Für viele Experten war es nicht spielentscheidend, in Wahrheit war das allerdings ein Schlüsselduell. Beziehungsweise ein “Nicht-Duell“. Andrés Iniesta wurde bereits oft von Pep Guardiola auf dem Flügel eingesetzt. Dieses Jahr insbesondere wegen der Verpflichtung Cesc Fabregas‘. Guardiolas Ziels scheint es zu sein, möglichst viele passstarke Spieler zu besitzen, positionsunabhängig. Fabregas soll letztlich ein wichtiges Puzzlestück sein, da er die nötige Torgefahr mitbringt, um hinter Messi zu agieren. Er kann dessen Position übernehmen und selbst Tore machen – dass Messi so viele Tore macht, ist nämlich auch ein Eingeständnis an die wenigen Schwächen das katalonischen Systems.

Allerdings ist die Lösung bislang suboptimal. Besonders gegen Chelsea zeigte sich, wieso. Wäre Iniesta ein Linksfuß oder Alves einer, würde sich das Problem wohl von selbst erledigen. Mit Adriano hinter sich, der aufgrund mangelnder Dynamik und Laufstärke nicht so extrem wie Alves agieren darf, wird Iniesta nur teilweise entlastet. Zu selten hinterläuft Adriano ihn, dadurch ist Iniesta oftmals isoliert. Um dem zu entgehen, zieht er logischerweise ins Zentrum. Allerdings ist dann die Seite verwaist und das Spiel ist nicht breit genug. Die Mitte ist überladen und sogar Barcelona tut sich schwer, dass sie passsicher und dynamisch kombinieren.

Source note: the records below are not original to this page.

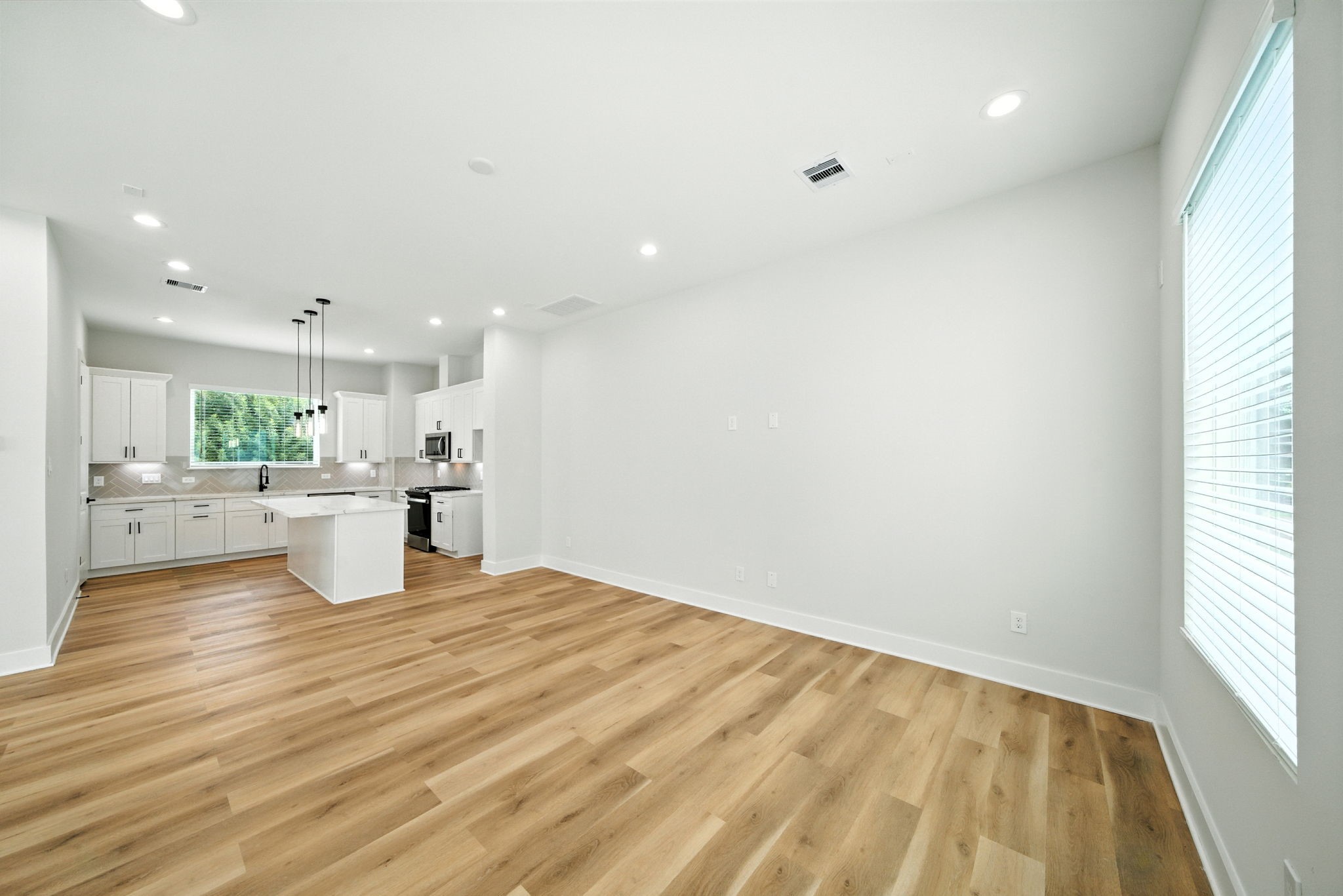 2306 Hoskins Drive, Unit B Houston, TX 77080 - Photo 12 of 27 a view of a kitchen with a sink
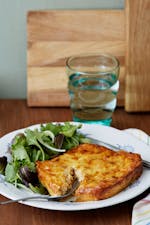 Cajun crab casserole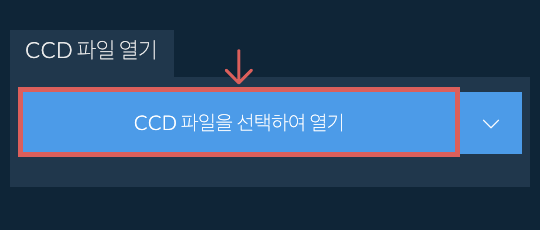 CCD 파일 열기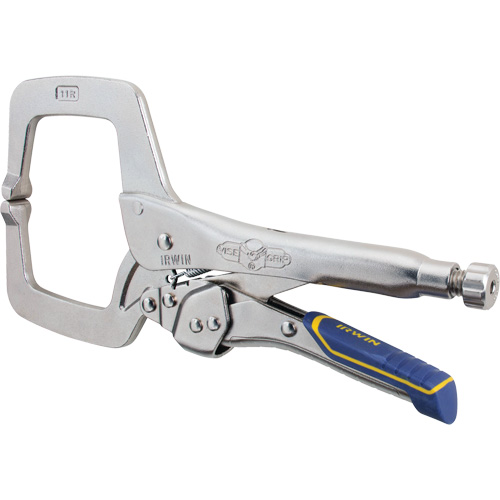 Vise-Grip&reg; Fast Release 11R Locking Pliers, 11" Length, C-Clamp Sécurité Médic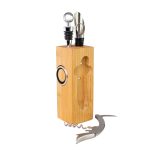 Set de Vino rectangular de Bamboo - Imagen 3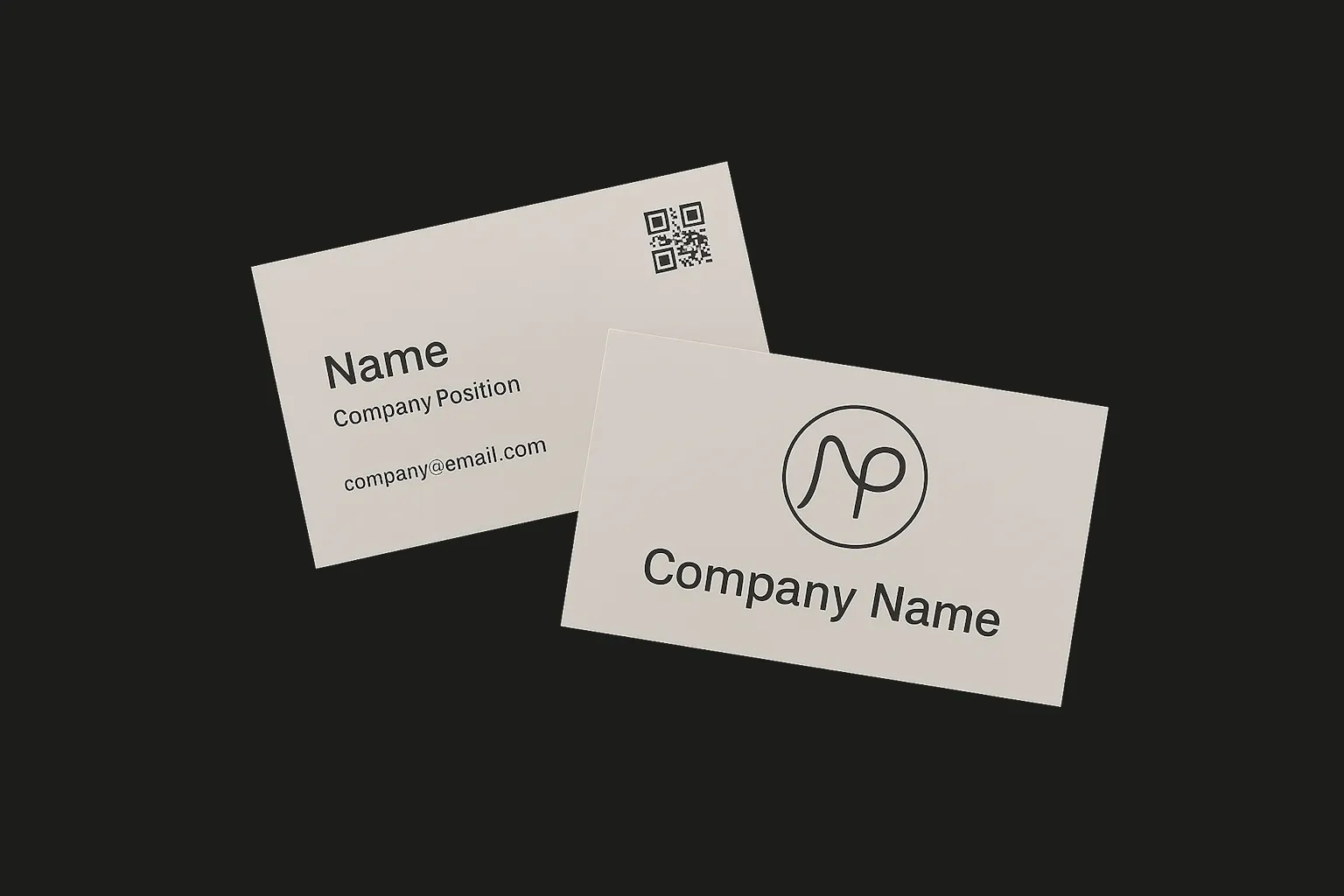 Branding service illustration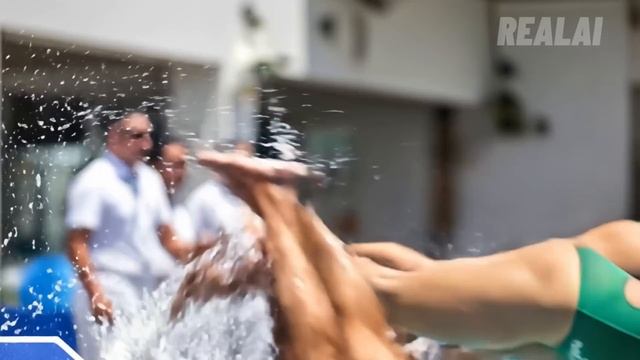 Женские сборные по плаванию произвели фурор во всем мире.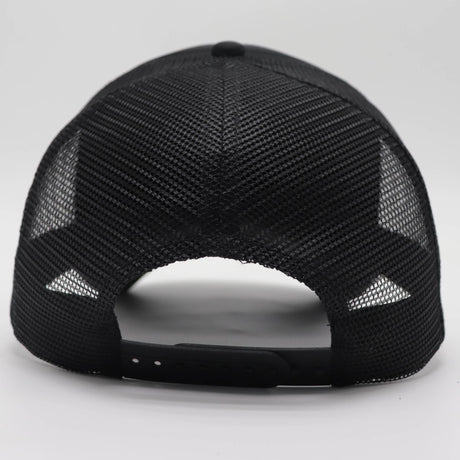 Petty (PUFF) Trucker Hat-Hats-The Original God Ain't Petty But I Am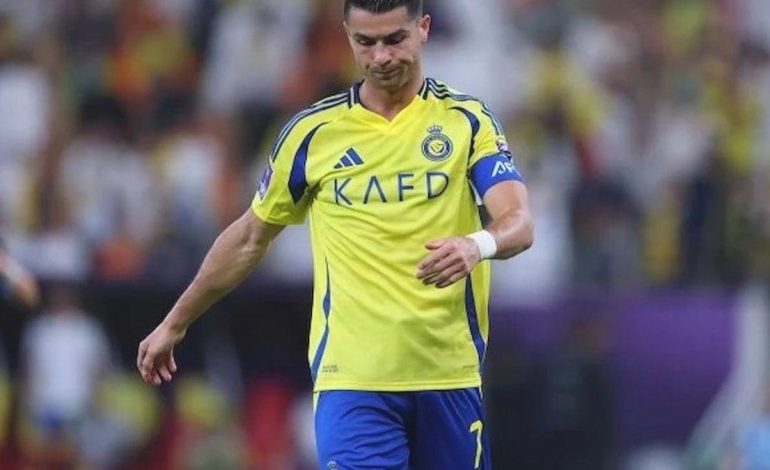 Ronaldo elenmeyi kaldıramadı! Maç sonu garip hareketler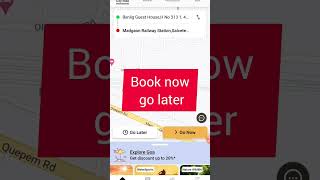 Go Miles  Goa Government app  l Safest amp cheapest  aasani se goa cab book kre shortfeed [upl. by Doak]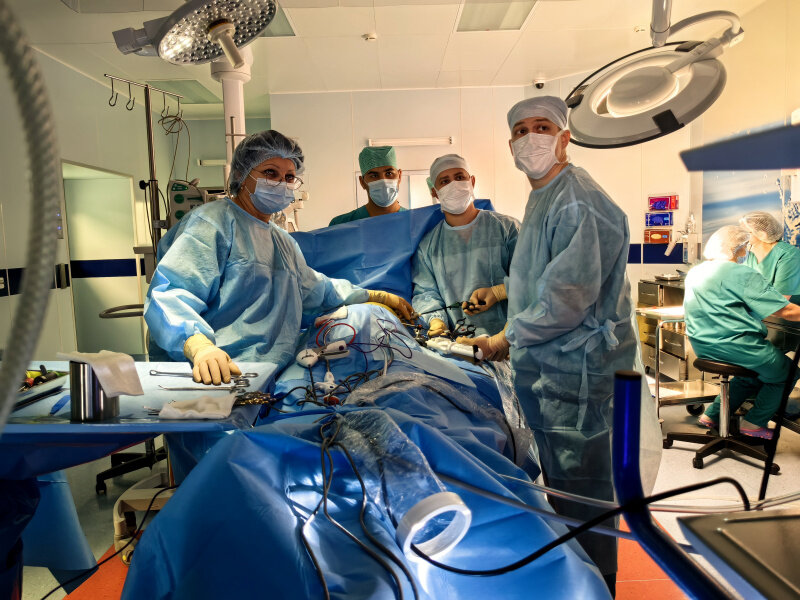    Устраняют аритмию и профилактируют инсульт: врачи кардиодиспансера проводят операции 2 в 1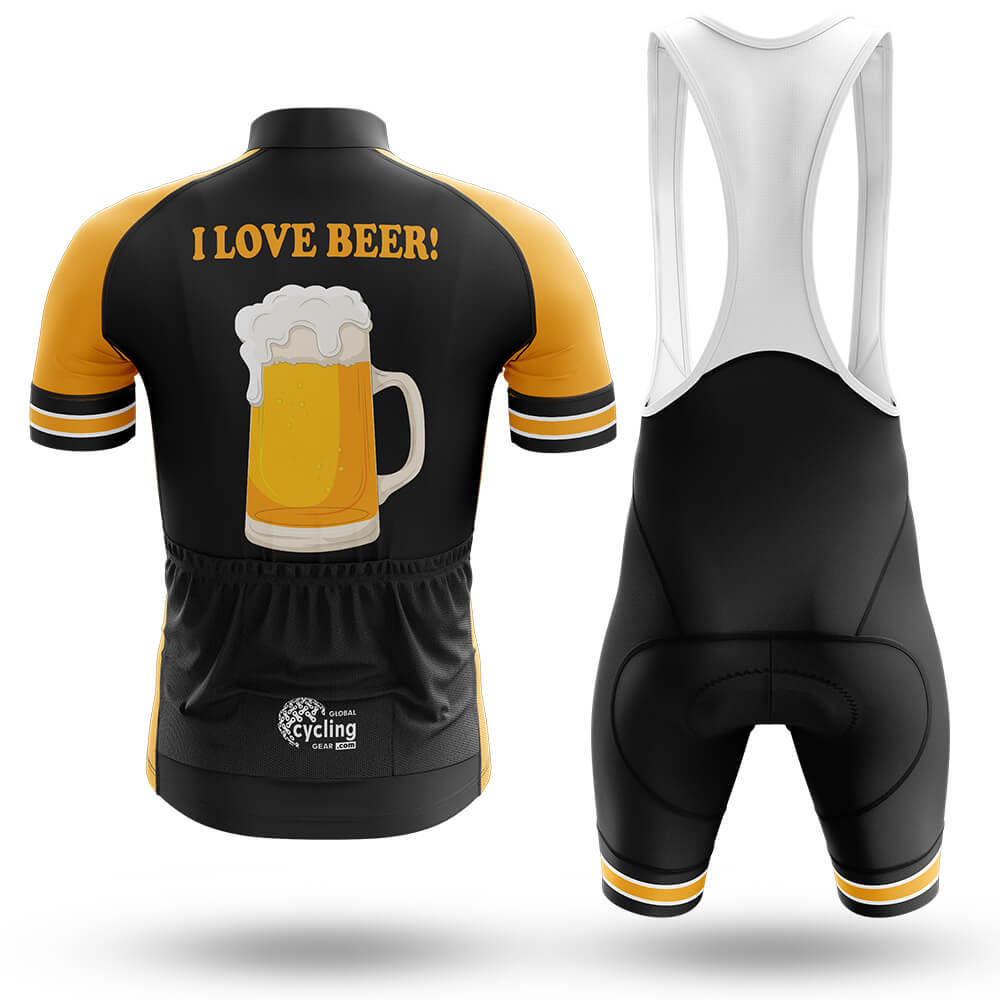 I Love Beer - Men's Cycling Kit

Gegen Chelsea traf er außerdem noch auf Ivanovic. Dieser spielt als gelernter Innenverteidiger überaus defensiv und ist sehr zweikampfstark. Für Iniesta ein großer Nachteil, seine Dribblings sind schwer anzubringen und die Räume sind eng. Ivanovic weiß genau, wie weit er ihn verfolgen darf und ab wann er ihn überlassen kann. Die dichte Formation Chelseas im Mittelfeld tat ihr übriges. Wenn Iniesta in die Mitte ging, sah er sich Mikel und Lampard gegenüber, Mata konnte dynamisch von hinten mitpressen. Ohne Iniesta tut sich allerdings Barcelona immer schwer. Für viele ist der blasse Spanier aus Fuentealbilla nur einer von vielen Weltklassespielen, hierbei darf man aber seinen wirklichen Wert nicht übersehen. Ungemein geduldig, extrem ballsicher und hervorragend im Passspiel. Mit diesen Attributen kann er zusammen mit Xavi den Ball nahezu endlos halten und langsam den gegnerischen Raum infiltrieren. Fabregas und Messi hingegen sind zu ungeduldig, sie gehen sehr oft den direkten Weg und riskieren Ballverluste – wie schon zum erwähnten 1:0.